◆ **PROBLEM DETAILS**: A verbatim transcript of the data that follows, free of images, is the expected result.

━━ DATA PROVIDED ━━

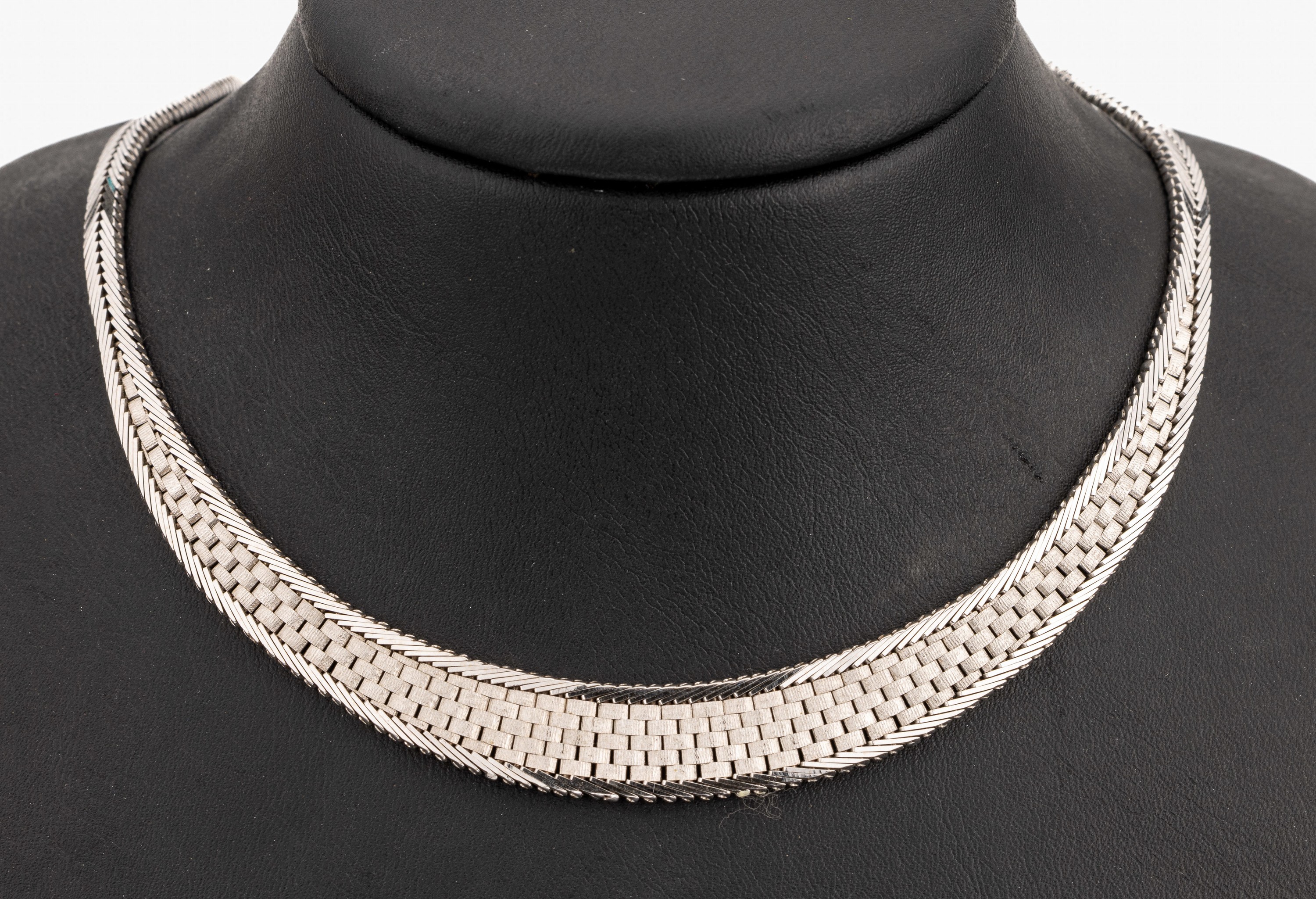 14 kt Gold Collier, ca. 44,6 g, WG 585/000,Mittelteil in Backsteinoptik, sat., L. ca. 42 cm, Kastenschloss mit Sicherheitsacht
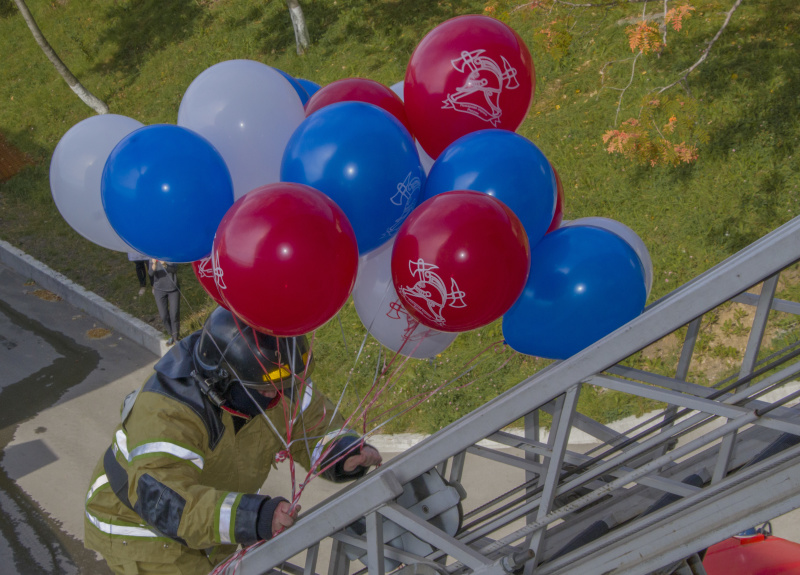 Необычный сюрприз подготовили камчатские пожарные для воспитанников школы-интерната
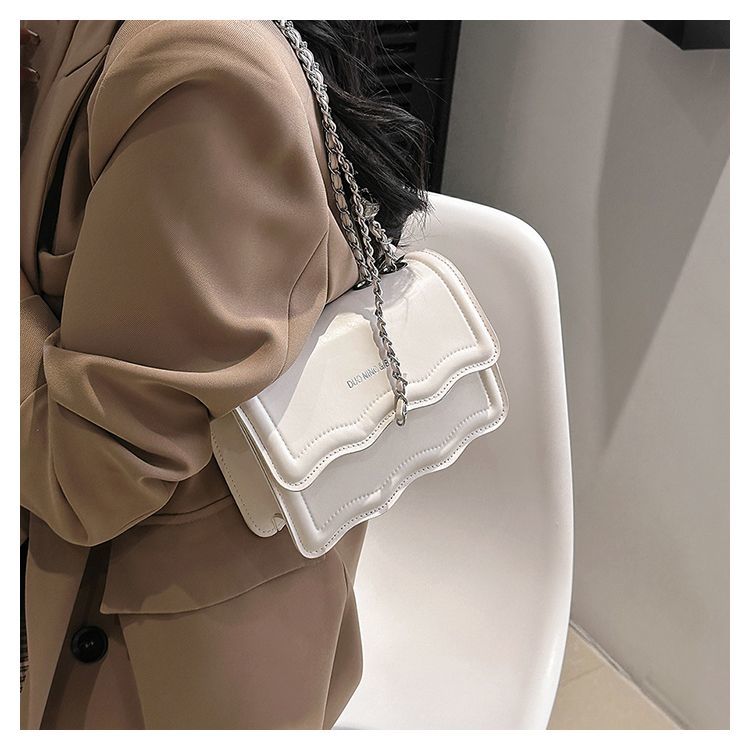 Wave Women's Chain Small Square Crossbody Shoulder Bag Versatile_voghion.com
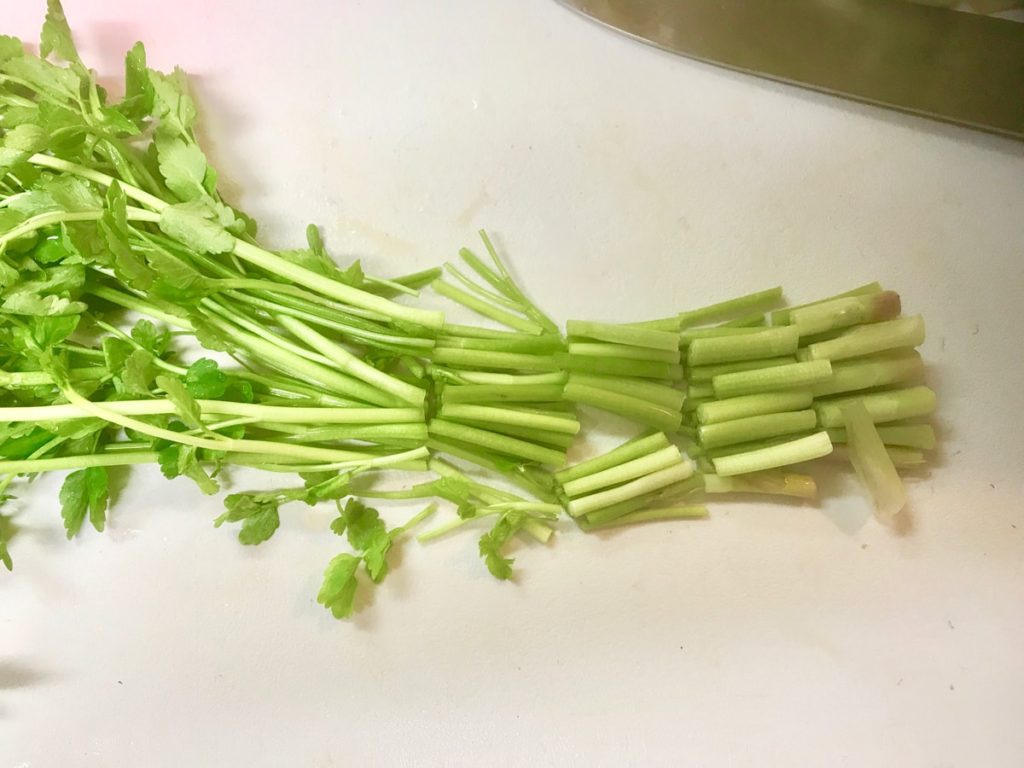 山独活とせり、蒸し鶏のオリーブ和えのレシピ_7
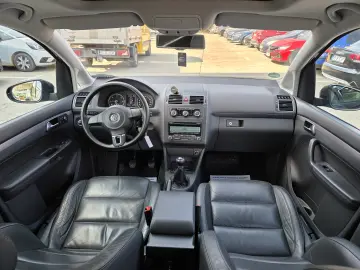 VW Touran 2011 1.6 TDI 105 CP euro 5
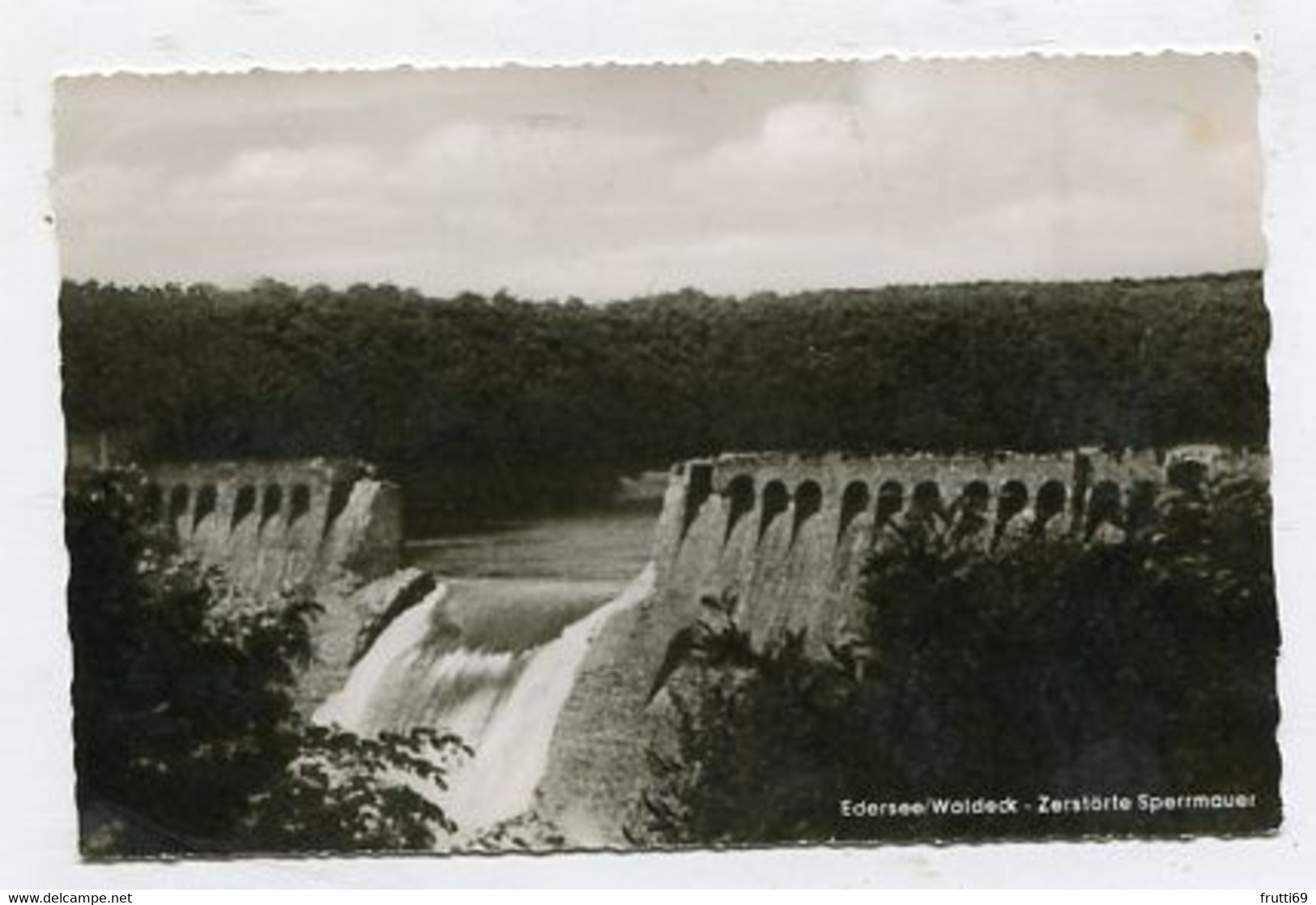 AK 050655 GERMANY - Edersee / Wadeck - Zerstörrzte Sperrmauer - Edersee (Waldeck)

━━━

◆ **RESULT**:
 14 kt Gold Collier, ca. 44,6 g, WG 585/000,Mittelteil in Backsteinoptik, sat., L. ca. 42 cm, Kastenschloss mit Sicherheitsacht
 Необычный сюрприз подготовили камчатские пожарные для воспитанников школы-интерната
 Wave Women's Chain Small Square Crossbody Shoulder Bag Versatile_voghion.com
 山独活とせり、蒸し鶏のオリーブ和えのレシピ_7
 VW Touran 2011 1.6 TDI 105 CP euro 5
 AK 050655 GERMANY - Edersee / Wadeck - Zerstörrzte Sperrmauer - Edersee (Waldeck)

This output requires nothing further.